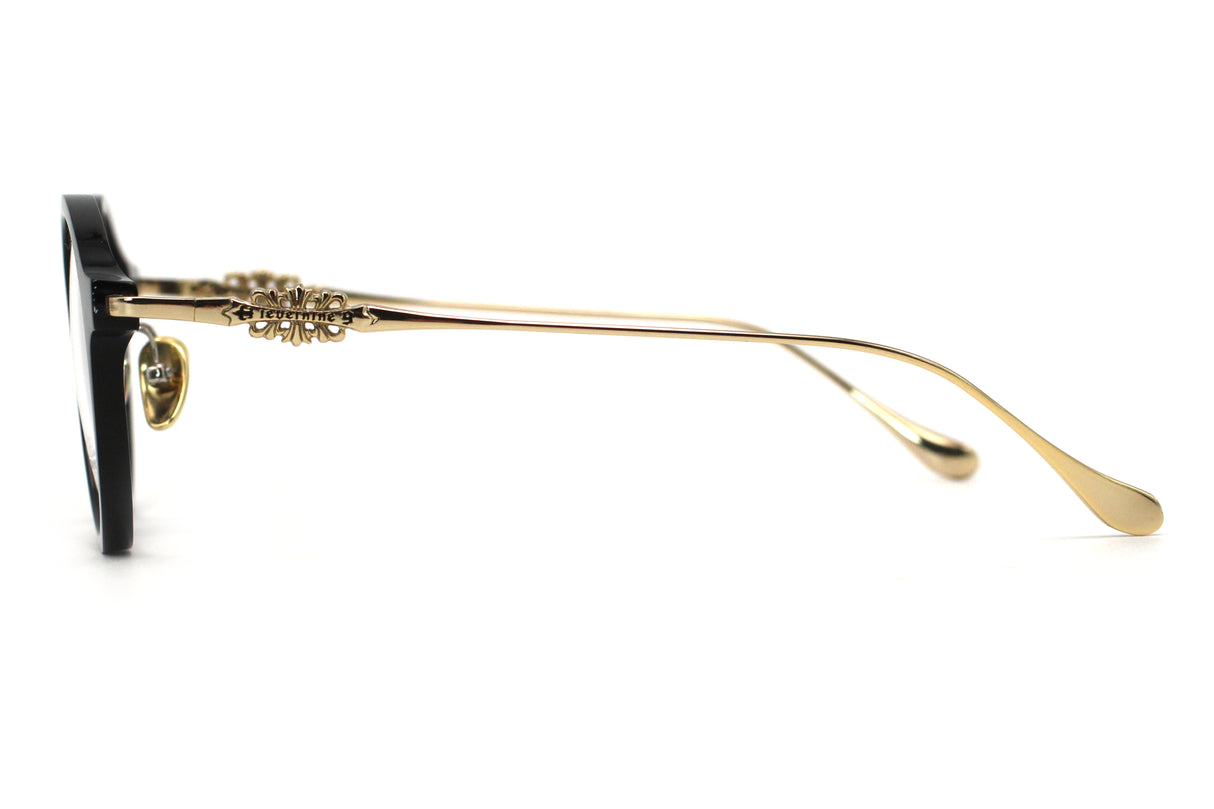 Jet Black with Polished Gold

---

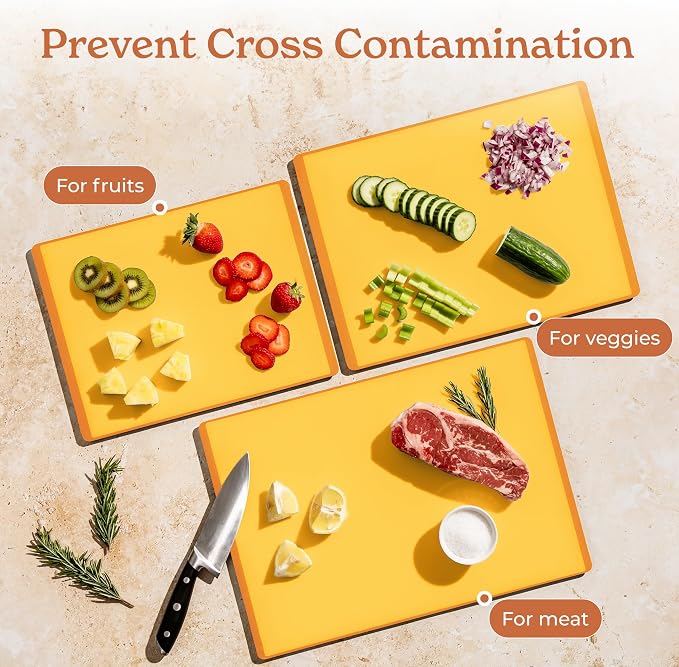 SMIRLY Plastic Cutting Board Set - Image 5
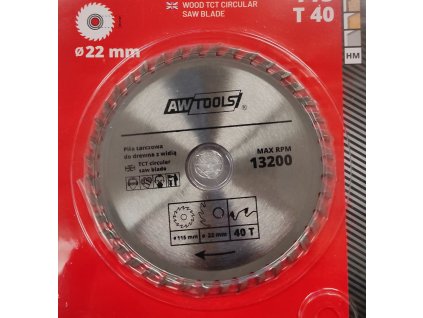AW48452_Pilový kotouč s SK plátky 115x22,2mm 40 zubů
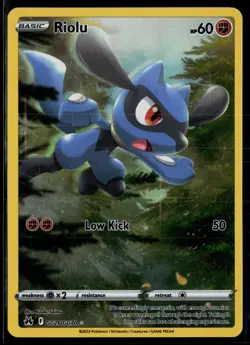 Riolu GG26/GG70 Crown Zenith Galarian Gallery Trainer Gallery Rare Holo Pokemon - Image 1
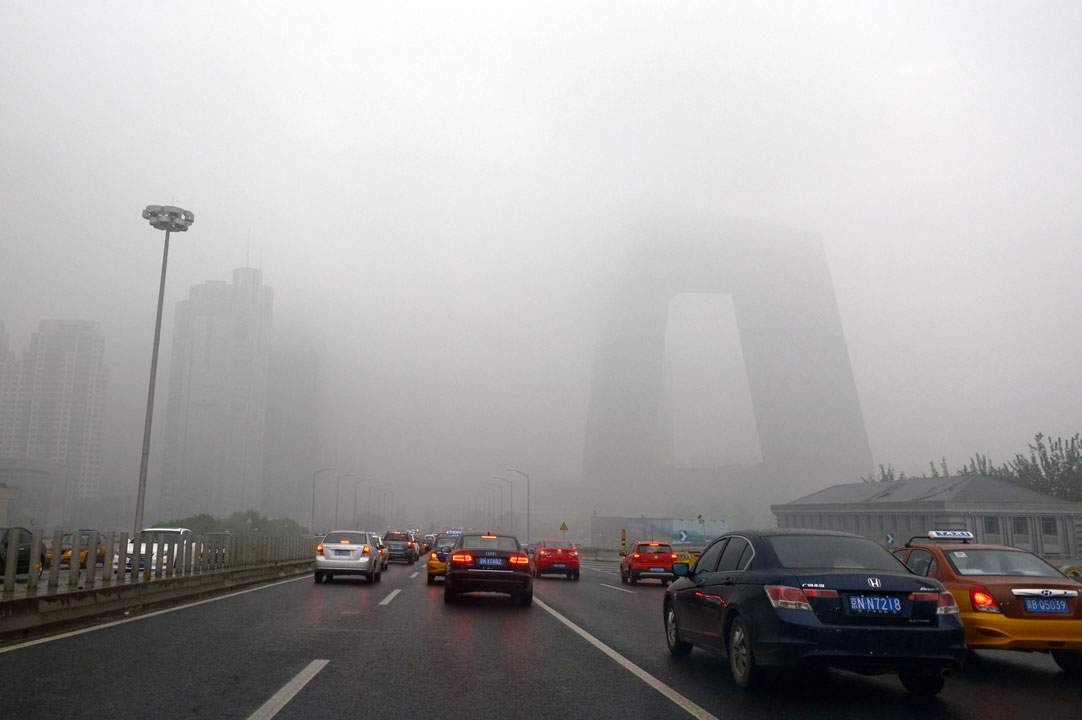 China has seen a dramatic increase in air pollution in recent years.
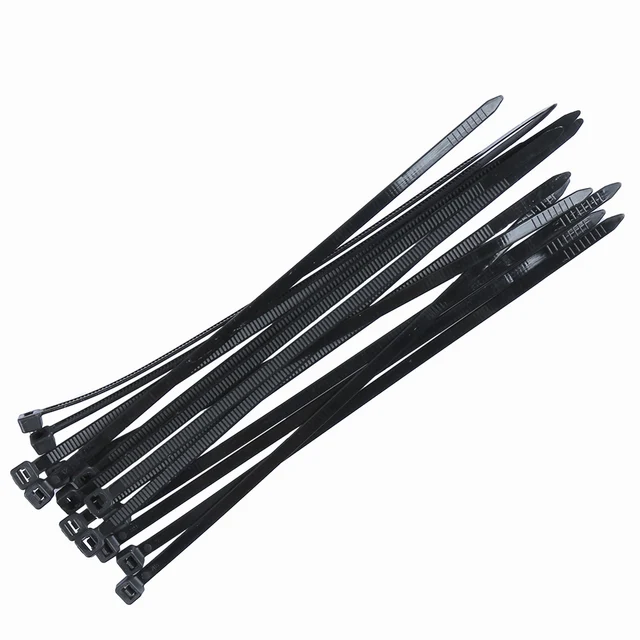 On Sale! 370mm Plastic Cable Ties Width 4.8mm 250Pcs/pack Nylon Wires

...

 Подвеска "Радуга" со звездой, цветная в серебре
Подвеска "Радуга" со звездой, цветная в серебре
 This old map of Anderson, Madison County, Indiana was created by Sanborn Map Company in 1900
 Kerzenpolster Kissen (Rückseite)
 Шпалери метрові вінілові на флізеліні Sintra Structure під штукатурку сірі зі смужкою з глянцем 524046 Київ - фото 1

Directions for this task
When the line with "Kerzenpolster Kissen (Rückseite)" is reached in the data above, begin copying, and stop after the line with "Шпалери метрові вінілові"; copy each line exactly, both ends included.

Written answer
 Kerzenpolster Kissen (Rückseite)
 Шпалери метрові вінілові на флізеліні Sintra Structure під штукатурку сірі зі смужкою з глянцем 524046 Київ - фото 1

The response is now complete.